* **Work request**:
Output the data below exactly, images excluded.
Collected data Block Start
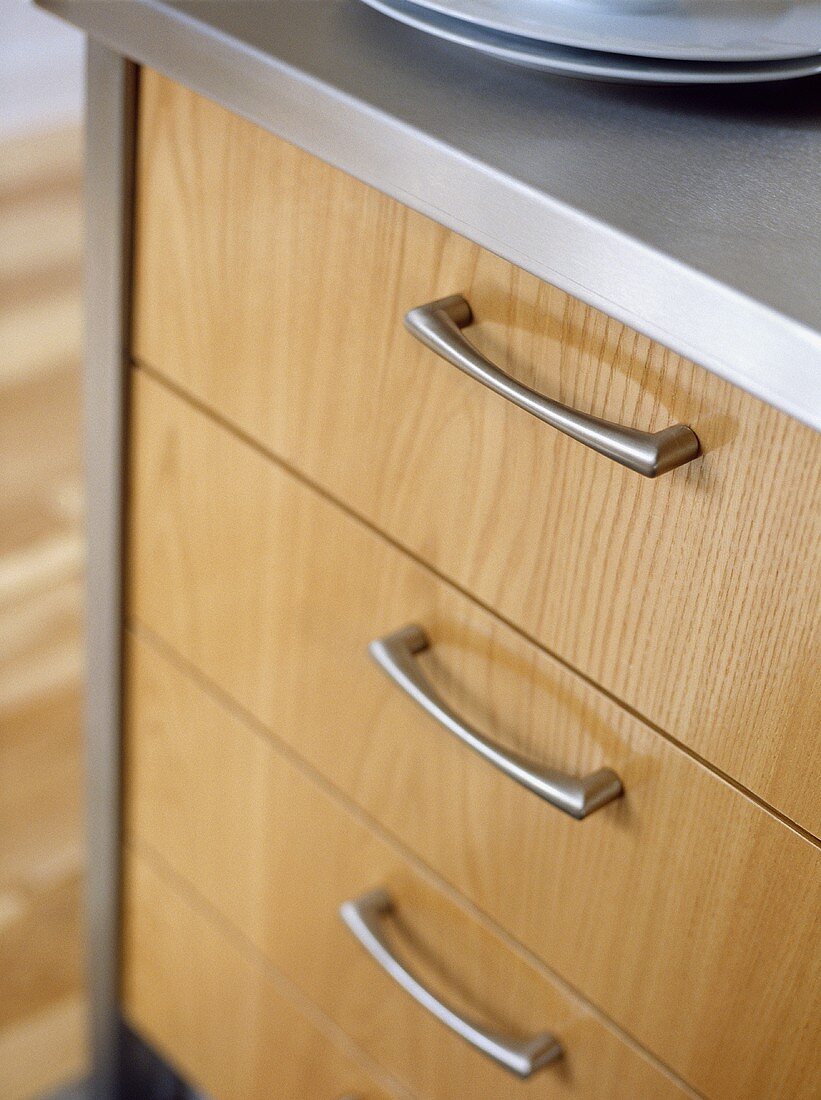 Close up of kitchen unit with wooden drawers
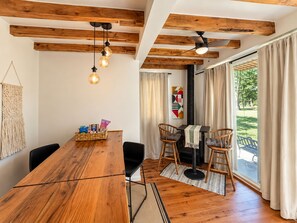 Ein Essbereich mit Holztisch, Stühlen, Pendelleuchten und Blick ins Freie durch große Fenster.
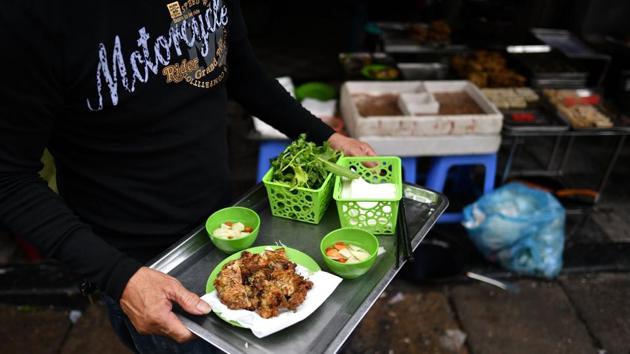 The pancake-shaped patties have been made in northern Vietnam for generations, and are even credited with keeping married couples happy. “If a couple misses even a bite of ‘cha ruoi’ during the season, not only will the wife lament but the husband will surely complain,” author Vu Bang wrote his 1952 book “Hanoi Delicacies”. (Manan Vatsyayana / AFP) The pancake-shaped patties have been made in northern Vietnam for generations, and are even credited with keeping married couples happy. “If a couple misses even a bite of ‘cha ruoi’ during the season, not only will the wife lament but the husband will surely complain,” author Vu Bang wrote his 1952 book “Hanoi Delicacies”. (Manan Vatsyayana / AFP)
Collected data Block End
* **Solution to this task**:
 Close up of kitchen unit with wooden drawers
 Ein Essbereich mit Holztisch, Stühlen, Pendelleuchten und Blick ins Freie durch große Fenster.
 The pancake-shaped patties have been made in northern Vietnam for generations, and are even credited with keeping married couples happy. “If a couple misses even a bite of ‘cha ruoi’ during the season, not only will the wife lament but the husband will surely complain,” author Vu Bang wrote his 1952 book “Hanoi Delicacies”. (Manan Vatsyayana / AFP) The pancake-shaped patties have been made in northern Vietnam for generations, and are even credited with keeping married couples happy. “If a couple misses even a bite of ‘cha ruoi’ during the season, not only will the wife lament but the husband will surely complain,” author Vu Bang wrote his 1952 book “Hanoi Delicacies”. (Manan Vatsyayana / AFP)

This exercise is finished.